Странные гости подсели к ним в таверне «Осел и Роза», что в портовой части Бадандена. Михаль Ловчик, Санчес Прочухан и еще двое кузарей — Франтишек Дубарь и Перченый Лис — зашли туда промочить горло перед трудами неправедными. Странники же заявились в таверну, когда воровской квартет не успел пропустить и по первой кружке. Сразу направились к их столу, хотя свободных мест вокруг хватало. Расселись по-хозяйски, махнули тавернеру Ляху Варенику:

— Эй! Бутыль «Чикимальпы»!

Черный малабарский бальзам «Чикимальпа» — пойло редкое, дорогое. По башке бьет веселей кувалды. Похоже ввинчивает, если накуриться трухи от горных сыроежек, растущих в окрестностях Рагнарского ущелья. И похмелья от «Чикимальпы» не бывает. Либо встанешь наутро бодрый и полный сил, либо вообще не встанешь.

Останешься лежать забальзамированный.

От закуски судари-странники отказались. Было их трое: один постарше, с аккуратной бородкой цвета черненого серебра, и двое помоложе — румяные, плечистые крепыши. Видать, отец с сыновьями. Сословие? род занятий? — по одежде не разобрать. Наряд добротный, без лишней роскоши; шпаг нет, при поясе — изящный кинжальчик в ножнах. Не местные, это точно. Местные тесаки предпочитают.

Дубарь рогом попереть хотел, набычился и передумал.

Послал к Нижней Маме для форсу.

— За хороших людей, — поднял кубок сребробородый. — За мастеров хитрого дела.
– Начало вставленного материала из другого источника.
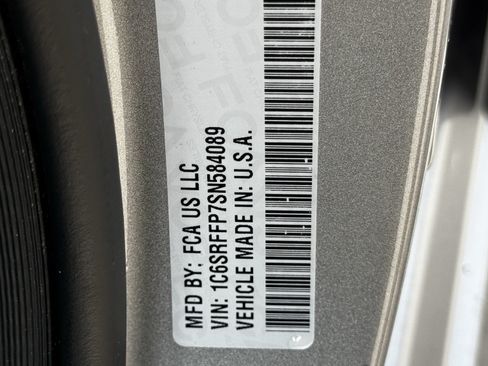 Used 2025 RAM 1500 Big Horn AWD/4WD image 33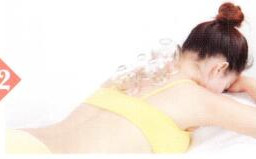 黄褐斑拔罐部位图解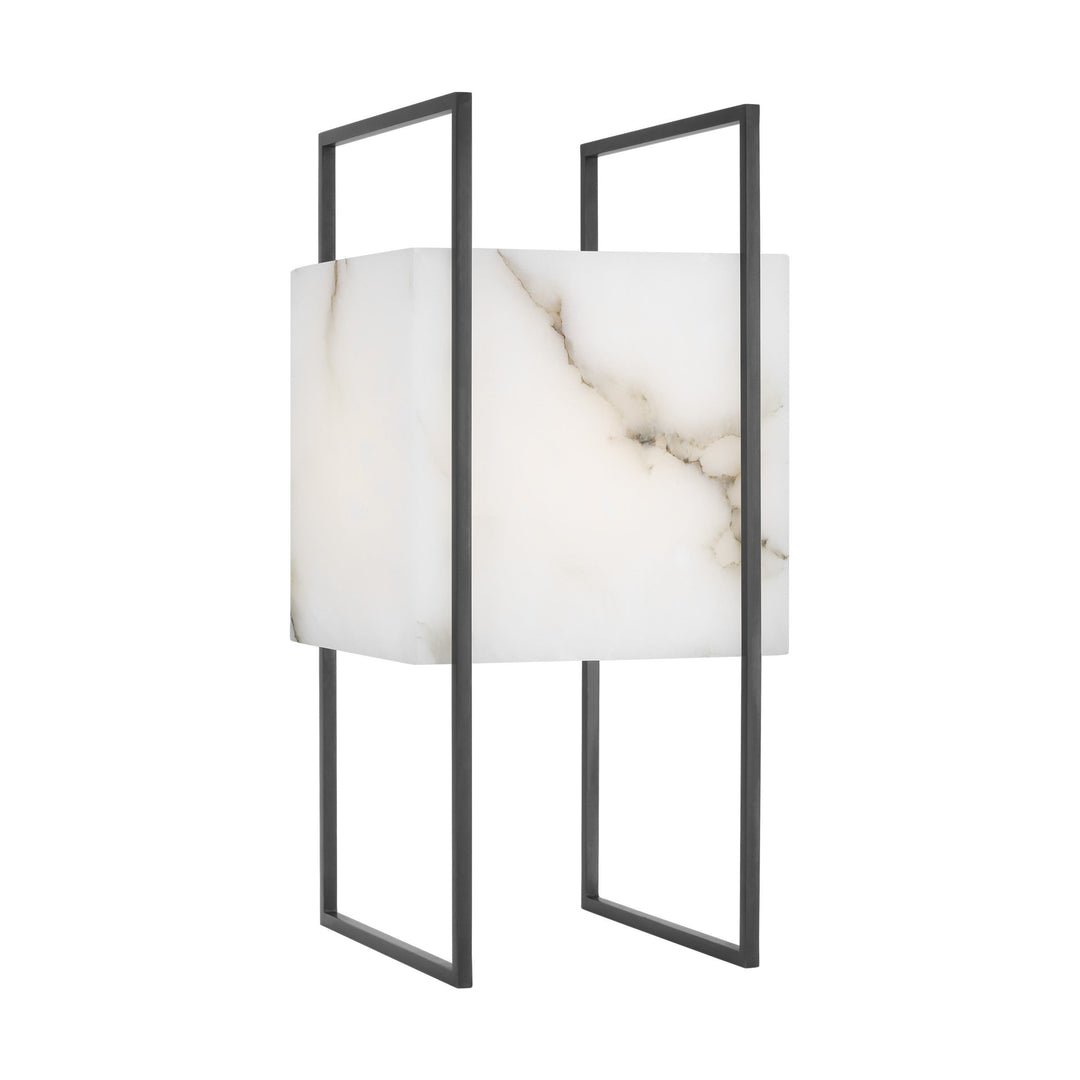 Aloft LED Table Lamp in Bronze Visual Comfort Modern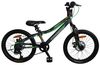 אופני הרים לילדים קונקט MTB במידה "20 עם 6 הילוכים, בלמי דיסק ובולם זעזועים קדמי - אפור/ירוק 
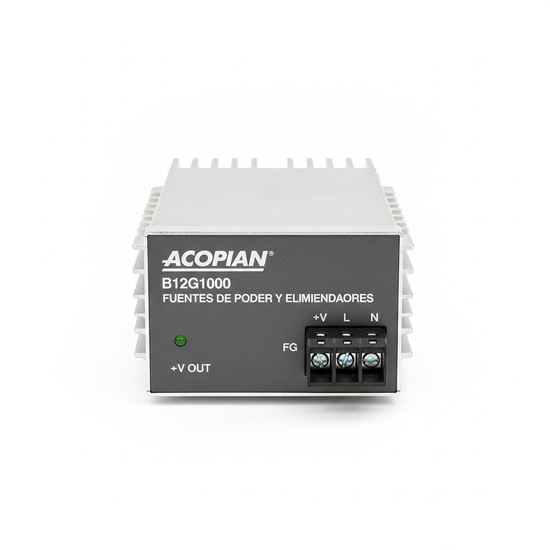 ACOPIAN B12G100 FUENTES DE PODER Y ELIMINADORES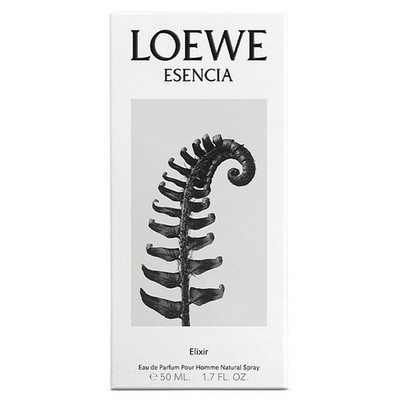 Loewe Men's Esencia Elixir EDP Spray 1.7 oz Fragrances 8426017076234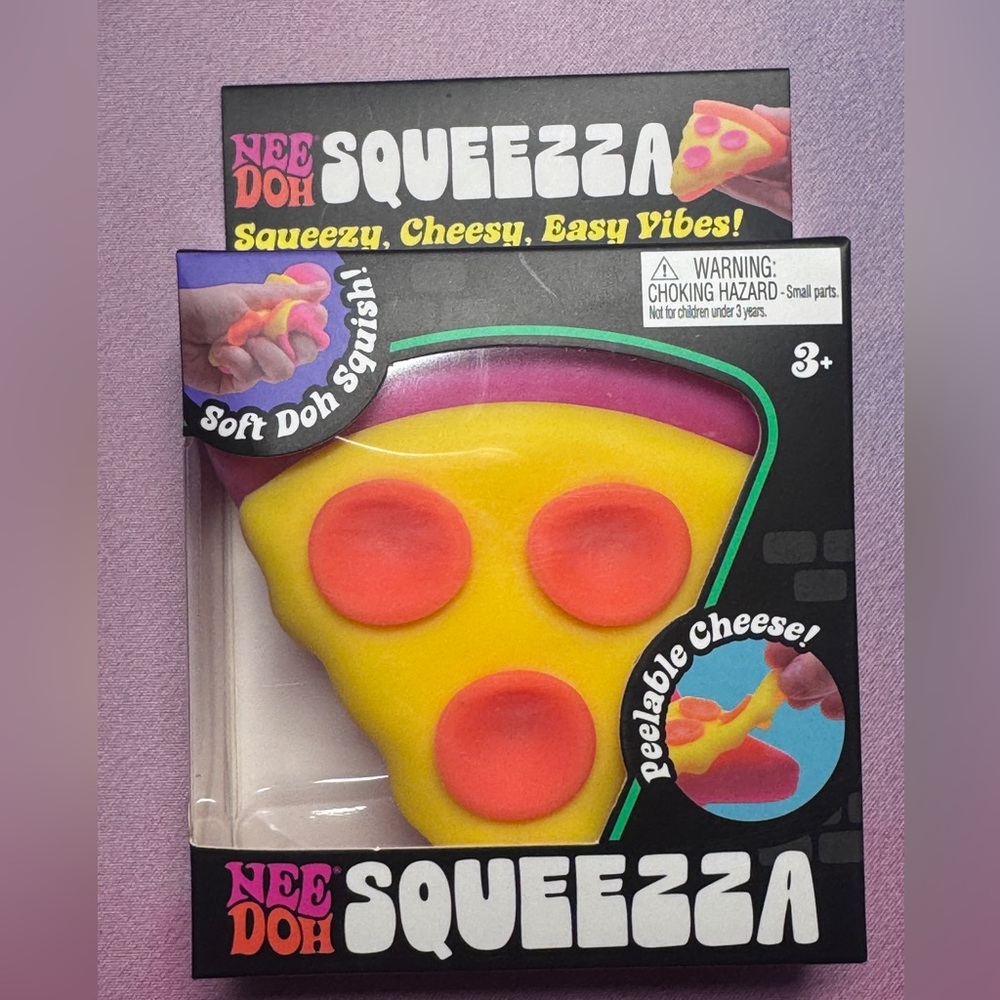 Needoh Squeezza Pizza Squishy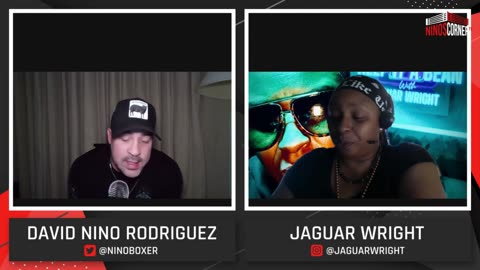 NINO WITH Jaguar Wright - HIP HOP Witchcraft, Sacrifice And The Selling Of Souls..1-28-25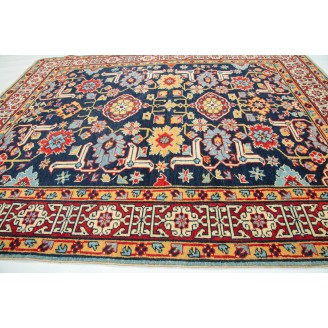 Shirvan Rug with Kufic Border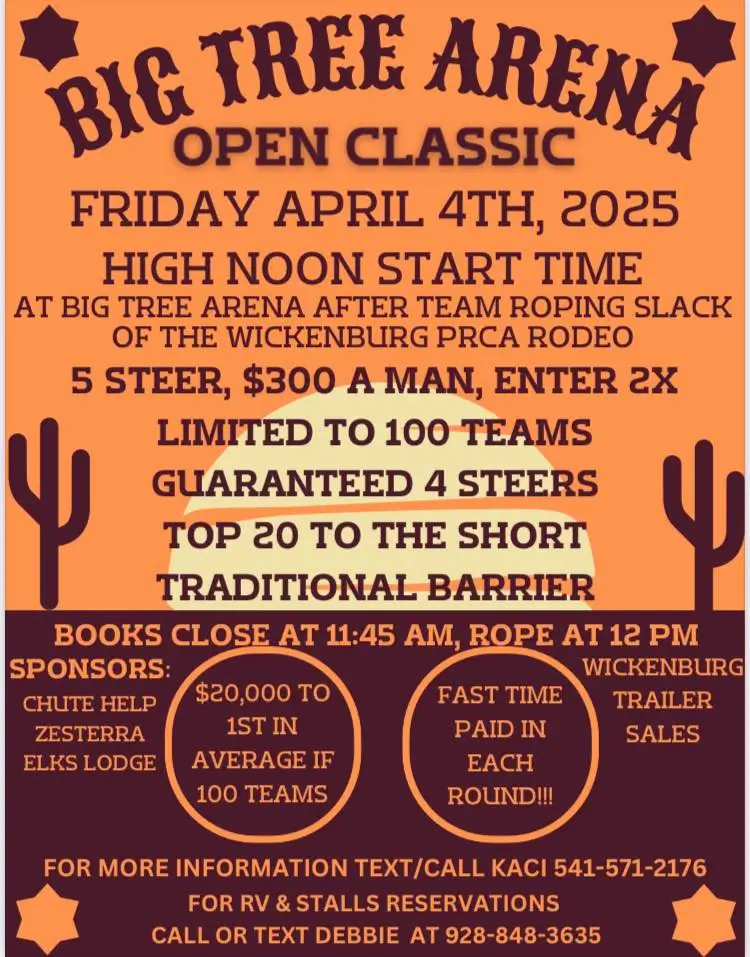 Wickenburg Social_4-4-25_Big Tree Arena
Выпил и глядит со значением.

Кто за тебя здравицу поднял, того и бык не бодает. Дубарь кивнул, Перченый Лис себе налил; балагур Санчес за словом в кошель не полез, ответ задвинул. Слово за слово, придвинулись странники ближе. А как бутыль приговорили, так старшой и говорит: знаем, кто вы такие, но нас это нисколько не смущает. Даже наоборот. Хотите, чтоб руки ваши в два раза ловчее да проворнее сделались? Чтоб силы прибавилось?

Прочухан хмурый стал, насупился.

— Волшба? — спрашивает.

— Она, родимая, — хохочет сребробородый.

— А взамен что стребуете?

— А ничего. Еще и сами приплатим.

— Лезла мышь за сыром, — гнет свое Санчес, — да накрылась хвостом. Какой у вас с того интерес?